* _Your objective_
From the line with "Triumph Black Motorcycle Pants" to the end of the data below, restate each line word for word, both ends included, without the pictures.

Start of Given information

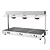 Buffalo Mostek grzewczy 3x 1/1GN do 85°C, 1.5kW, 501x1036x(h)567 mm, Buffalo HT761
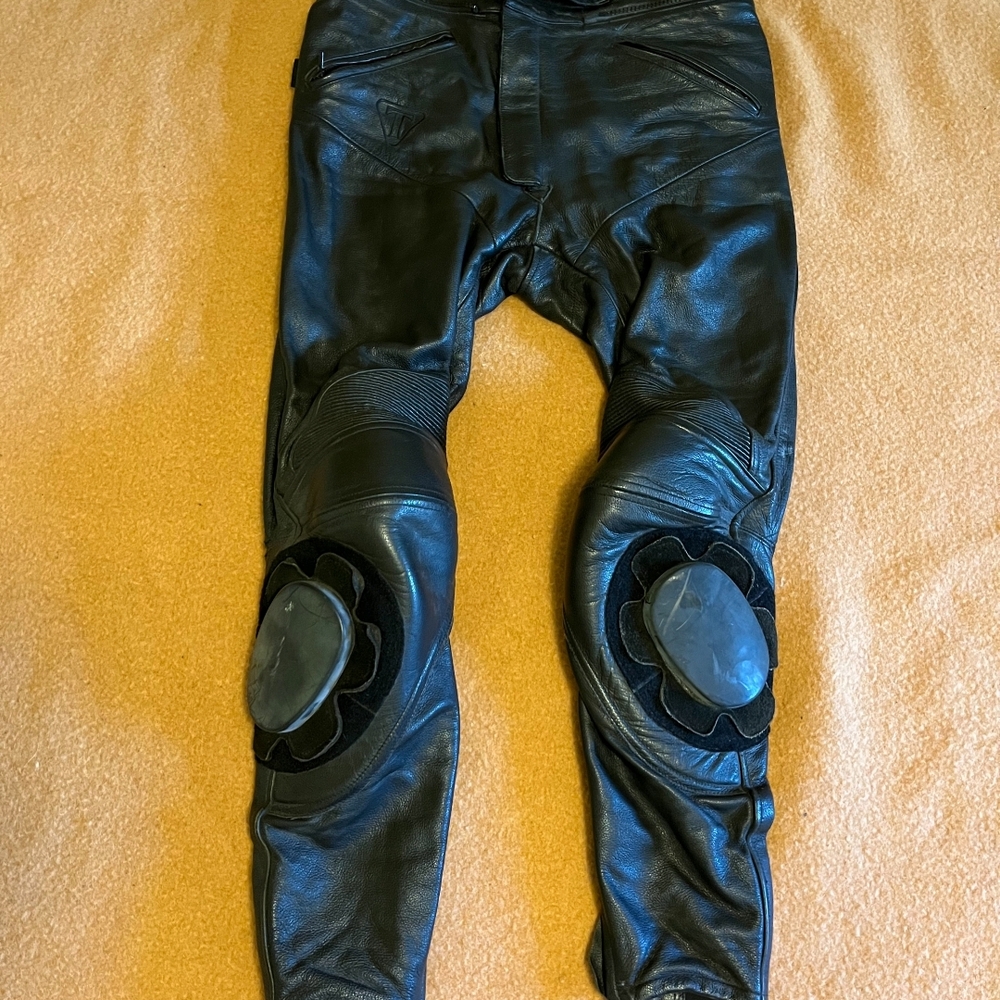 Triumph Black Motorcycle Pants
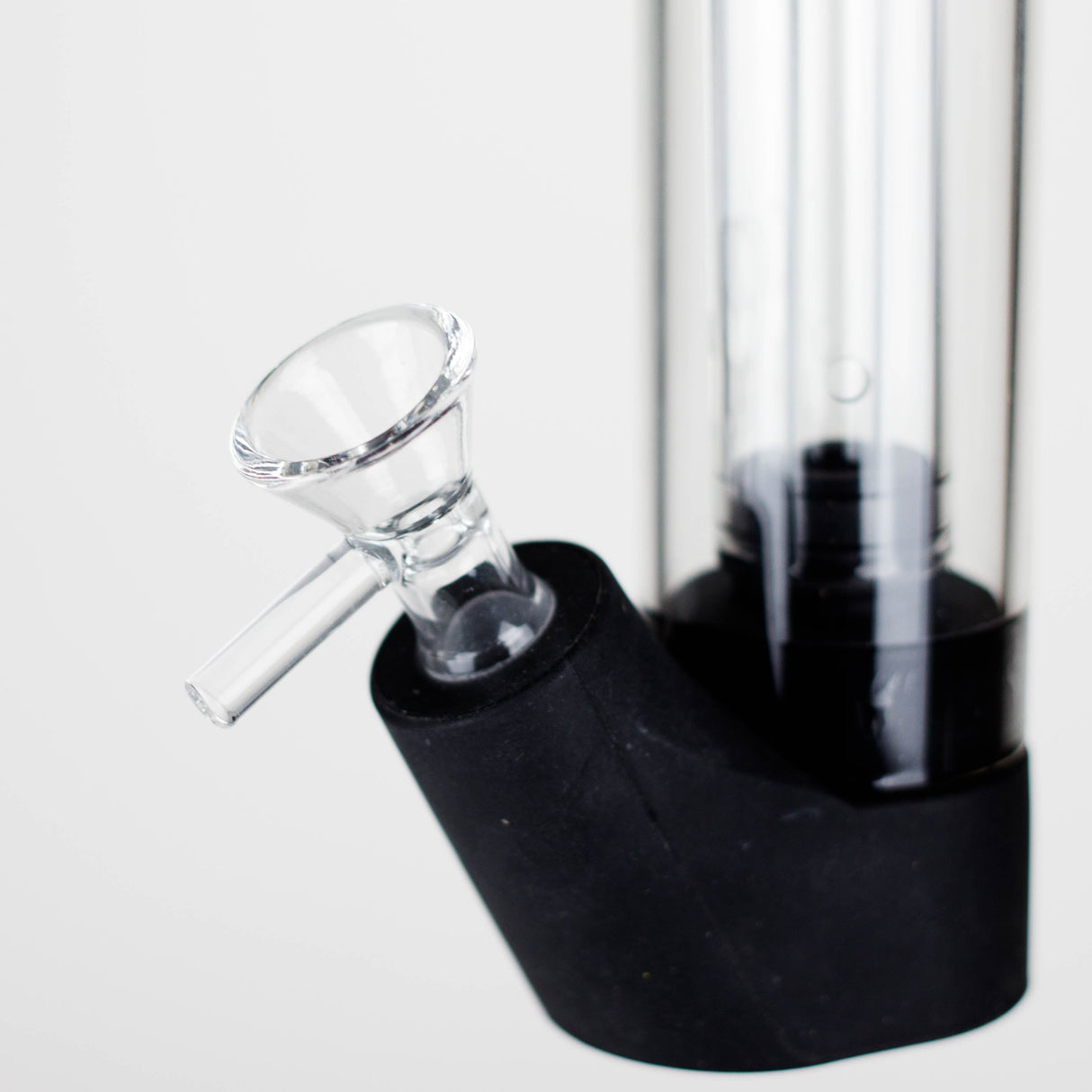 8" Easy Clean Bird Bong New Design Straight Tube Bong 777 Smoke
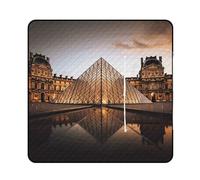 Tappetino da picnic portatile, Museo del Louvre a Parigi stampato Picnic Mat,Coperta da spiaggia pieghevole all'aperto,Tappeto interno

End of Given information

* _Result of this task_
 Triumph Black Motorcycle Pants
 8" Easy Clean Bird Bong New Design Straight Tube Bong 777 Smoke
 Tappetino da picnic portatile, Museo del Louvre a Parigi stampato Picnic Mat,Coperta da spiaggia pieghevole all'aperto,Tappeto interno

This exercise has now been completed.